# Staffordshire Bull Terrier



## allheart (Oct 3, 2008)

Sorry, may be an odd request, but am hoping you can help. Someone just asked me if I knew of any reputable Staffordshire Bull Terrier breeders. 

If you do, could you please let me know.

Thanks much!!!


----------



## pinkpixie1588 (Oct 12, 2009)

Here's the equivalent of the AMA Breeder Listing: 

http://www.sbtca.com/final.pdf

It's put out by the parent club, the Staffordshire Bull Terrier Club of America. They have a code of ethics and other requirements for being members (and thus, listed on that list), so I assume they're all reputable.


----------



## allheart (Oct 3, 2008)

Thank you SOOOOOOOOOOOO much!!!!! I really appreciate it.


----------



## luvmyfurbaby (Feb 11, 2007)

My brother's Pit passed away last month (13 yrs old) he was devastated he was a great dog.


----------



## allheart (Oct 3, 2008)

luvmyfurbaby said:


> My brother's Pit passed away last month (13 yrs old) he was devastated he was a great dog.


 
Maggie, I'm so sorry to hear about your brother's Pitt. It's a terrible pain that loss.

.A couple of my friends have pits and say they are the most loving babies.
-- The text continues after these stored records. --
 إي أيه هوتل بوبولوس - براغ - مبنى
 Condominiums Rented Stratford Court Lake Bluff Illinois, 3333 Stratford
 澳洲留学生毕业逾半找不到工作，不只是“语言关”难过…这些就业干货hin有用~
Now I'm worried though, his development (and I know this is REALLY sad), but Pits or any mix of Pit is not allowed . Made me really upset to hear that and him too.

I wonder if having a Staffordshire would be a problem . He was showing me pics, OMG they are sooooooooooo cute. 
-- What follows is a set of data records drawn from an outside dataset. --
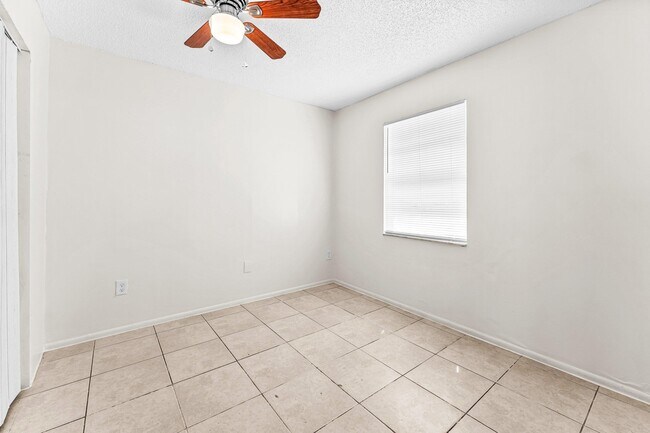 Building Photo - 4783 Gulfstream Rd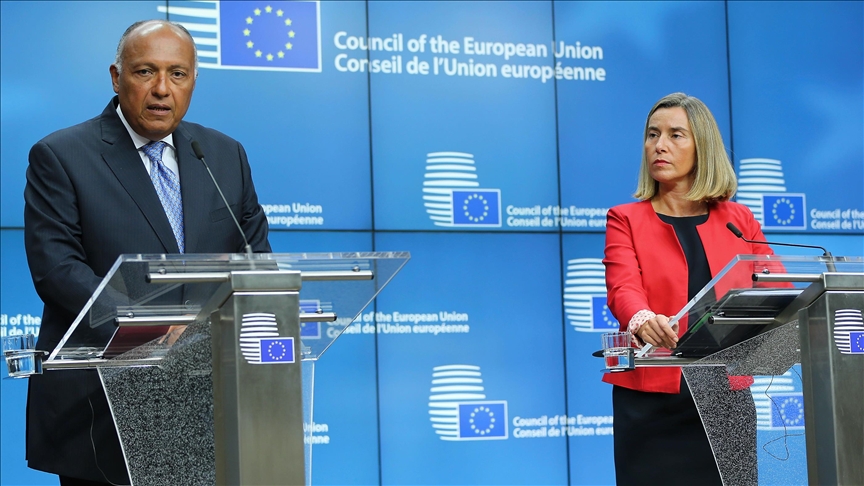 الاتحاد الأوروبي يعتزم تقديم مليار يورو إلى مصر 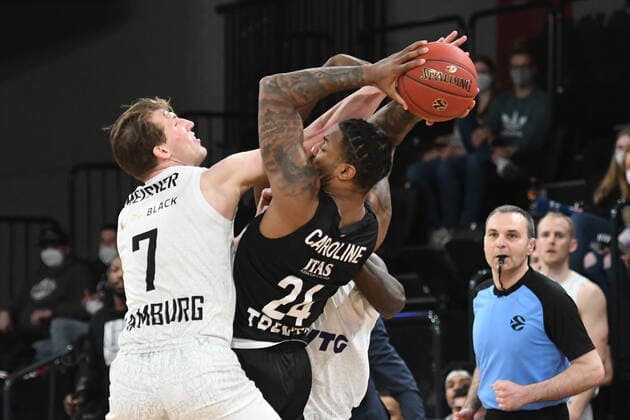 Basketball I Herren I Saison 2021-2022 I Eurocup I 17. Spieltag I Hamburg Towers - Dolomiti Energia Trento I 30.03.2022 Lukas Meisner (7, Hamburg Towers) und Osaro Rich (6, Hamburg Towers) checken Jordan Caroline (24, Dolomiti Energia Trento) zu Boden Hamburg edel-optics.de Arena Hamburg Deutschland Copyright: xLobeca AndreasxHannigx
Thanks so much again for the info.


----------



## luvmyfurbaby (Feb 11, 2007)

allheart said:


> Maggie, I'm so sorry to hear about your brother's Pitt. It's a terrible pain that loss.
> 
> .A couple of my friends have pits and say they are the most loving babies.
> 
> ...



Thanks Christine. In Dade County they are outlawed he got around by saying he was a Staffie he eventually moved to Orange County (Orlando) and had no problems.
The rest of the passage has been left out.